PyData London 2023

The Opinionated Python Stack I chose for my Company’s ML Projects and how I bundled it in a Project Generator
06-03, 10:15–10:55 (Europe/London), Salisbury

Have you ever struggled with choosing the right tools for your Machine Learning projects? As a Lead Data Scientist in a consulting firm, I faced this challenge repeatedly and finally converged to a small set of technologies which allow to build reliable and scalable projects with a great DX (Developer Experience). In this talk, I will share the key components of my ML stack, including DVC, Streamlit, FastAPI, Terraform and other powerful tools to streamline the development and experimentation processes. Through a live demo, I will finally show you the Project Generator I’ve built to encourage adoption of these technologies and to help Data Scientists focus on the ML itself rather than the "plumbing" around it. Attendees should have a basic understanding of Python and Machine Learning concepts.

The world of Data Science is constantly evolving, with new tools and techniques frequently emerging.

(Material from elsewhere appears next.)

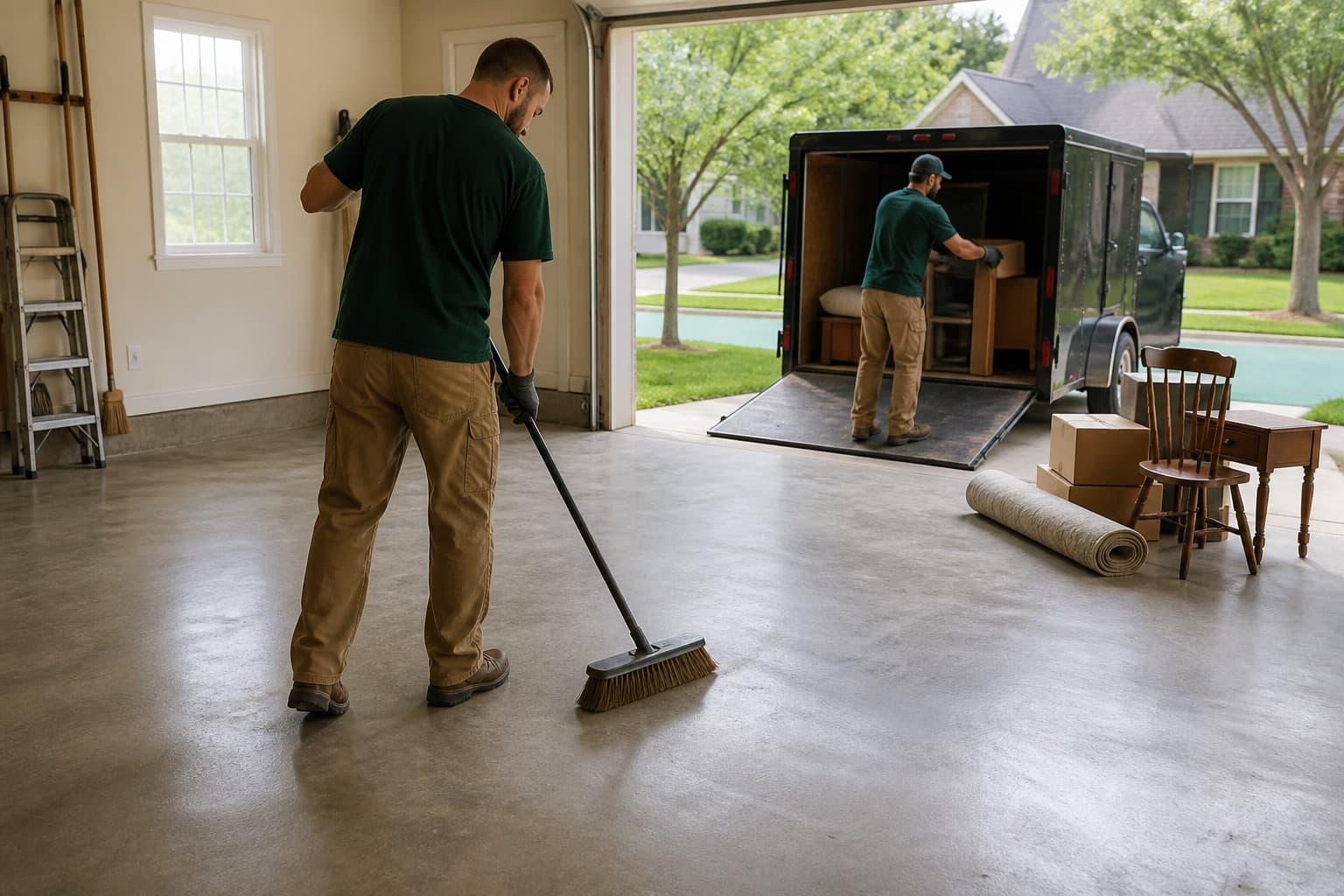 Junk removal crew loading household items while clearing a residential garage.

As a result, building a reliable and efficient Machine Learning stack can be a daunting task. To succeed, companies must navigate a complex landscape of technologies and identify the ones that best meet their unique needs and challenges.

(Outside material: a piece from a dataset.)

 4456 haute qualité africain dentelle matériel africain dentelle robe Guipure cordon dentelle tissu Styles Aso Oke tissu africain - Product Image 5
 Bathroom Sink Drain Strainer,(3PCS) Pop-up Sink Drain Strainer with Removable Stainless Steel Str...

As a Lead Data Scientist for a consulting firm, I have gained experience with various projects and have developed my own idea of such a Machine Learning stack, putting together the technologies I've found to be sufficiently mature and flexible.

In this talk, I'll walk you through this stack, which includes:
- Standard Python developing tools (Poetry, linters, continuous integration, pre-commit, etc.) to ensure a high-quality code base
- DVC for data versioning
- Streamlit to explore data and analyse experimentation results
- FastAPI to serve the model
- Terraform for infrastructure as code

I'll explain how each component fits into the larger picture and discuss the benefits and trade-offs of using these tools together.

To facilitate the adoption of the stack at my company, I've built a Project Generator that allows to quickly and easily scaffold out a new ML project with all of the necessary tools and architecture already in place. This generator helps data scientists focus on the ML itself rather than the "plumbing" around it. After a live demo of the tool, I will briefly explain how I built the generator itself.

This talk is intended for Data Scientists and ML engineers who want to streamline their work and learn about efficient tools for building reliable and scalable ML projects. Attendees should have a basic understanding of Python and Machine Learning concepts.

Prior Knowledge Expected

No previous knowledge expected

As an Engineering Manager at Sicara, I work on various Machine Learning projects (Computer Vision, NLP, Time Series) to be pushed to production.

During the last years, I developed a passion for data science tooling and continuous improvement in our ways of working. I am now in charge of iterating on my company’s data science technical stack.